I agree. I have two that I use for my coin hobby. These things are not that expensive, so it's really worth dropping a few dollars just to check and make accurate adjustments.
 
Yeah, I didn't buy the one that's advertised as being for a turntable, I just bought a simple 8 dollar one, but it works great.

It's interesting how a cartridge/stylus sounds different at different tracking weights.
 
Just got one from that site for 6 bucks. Anxious to see how accurate these old tables still are.
 
The tracking weight isn't determined by the turntable, it's determined by the cartridge/stylus combination. I agree, cheapie digital scales are great and mine is dead accurate when checked with lab calibration weights.
 
The tracking weight isn't determined by the turntable, it's determined by the cartridge/stylus combination. I agree, cheapie digital scales are great and mine is dead accurate when checked with lab calibration weights.

Yeah, you're right. What I should have said was how accurate my cart/stylus are in relation to the weights.
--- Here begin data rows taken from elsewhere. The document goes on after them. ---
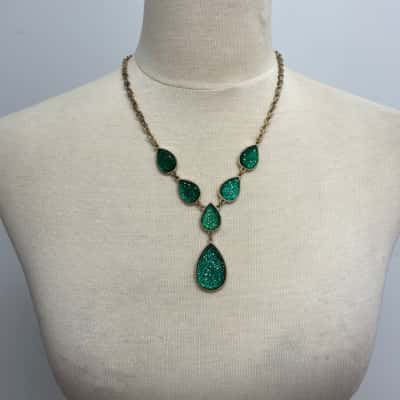 Lovisa Gorgeous Green Sparkling Stones /Gold Tone /Tear Drop/ Necklace 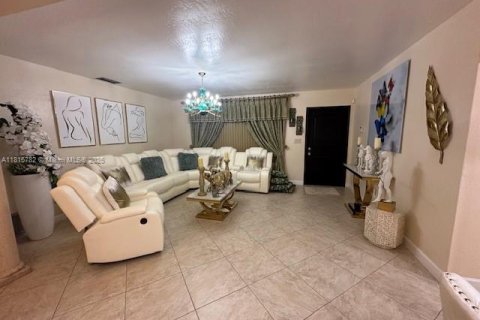 Casa en venta en Pembroke Pines, Florida, 4 dormitorios, 150.87 m2 № 1774377 - foto 4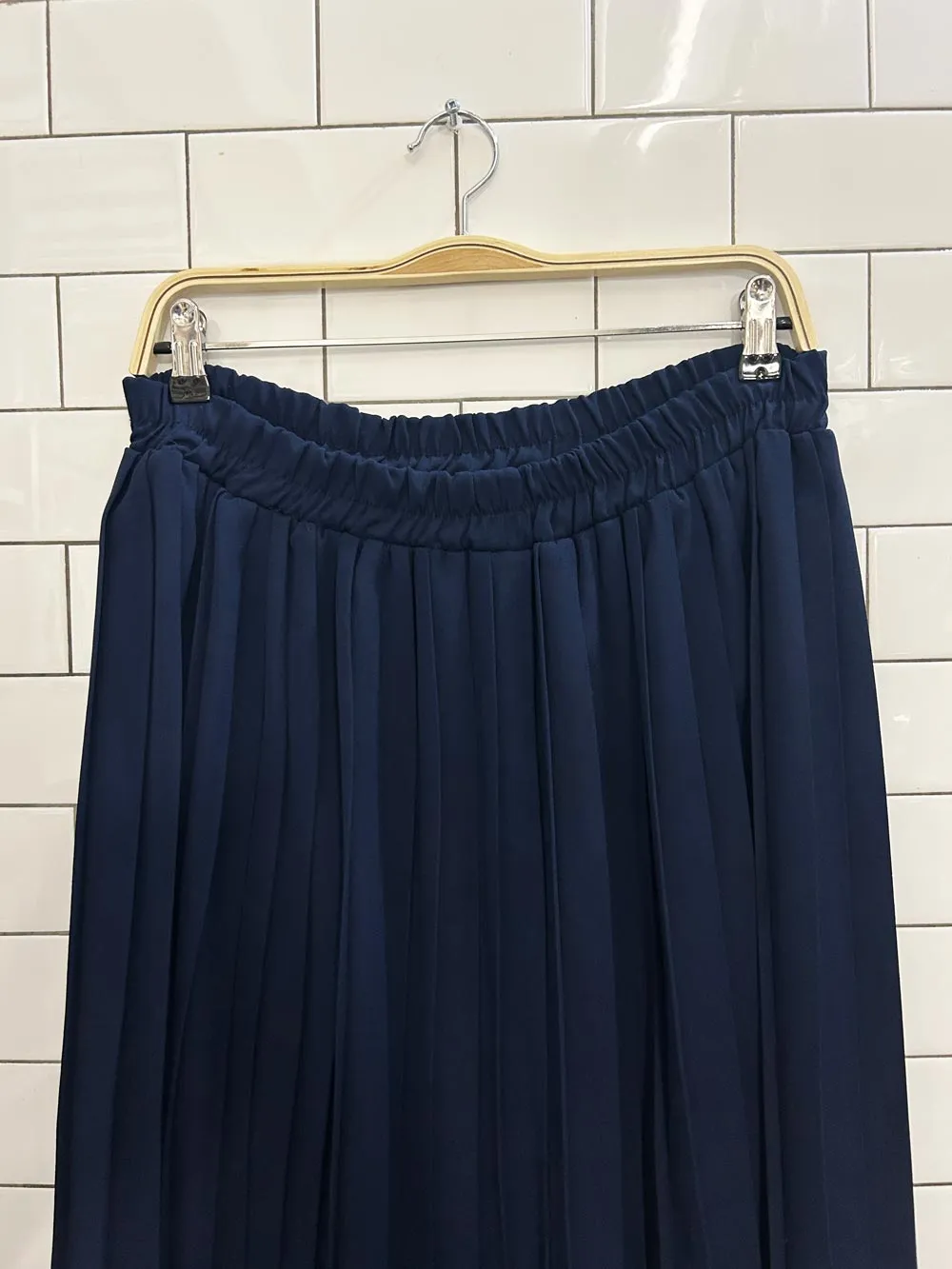 vintage pleated midi/maxi skirt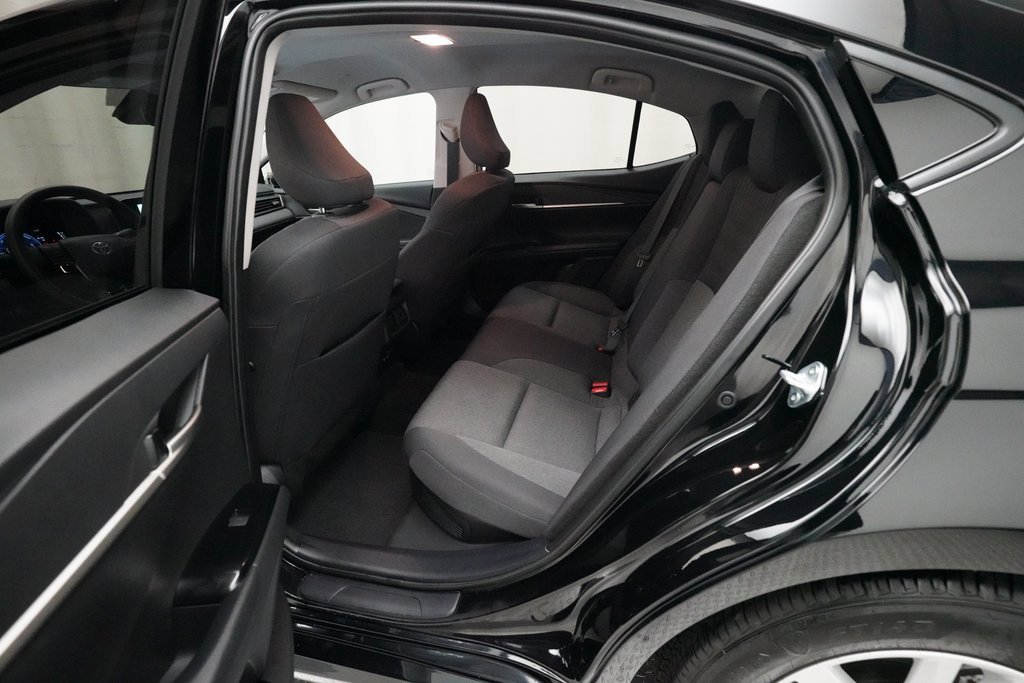 Used 2025 Toyota Camry LE image 15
Good call.
 
Now now, you've should've plopped out the additional $50 for an audiophile grade scale. You've never get the blacker backgrounds and the veil lifting with a sub $10 item. :)

I've got two of them. One I bought on amazon for about $10 and one was included with my VPI Scout 1.1.

I do like the one that I got with the VPI better. The weighing surface is closer to where the record height would be, which will give you a more accurate reading.
 
Now now, you've should've plopped out the additional $50 for an audiophile grade scale. You've never get the blacker backgrounds and the veil lifting with a sub $10 item. :)

I've got two of them. One I bought on amazon for about $10 and one was included with my VPI Scout 1.1.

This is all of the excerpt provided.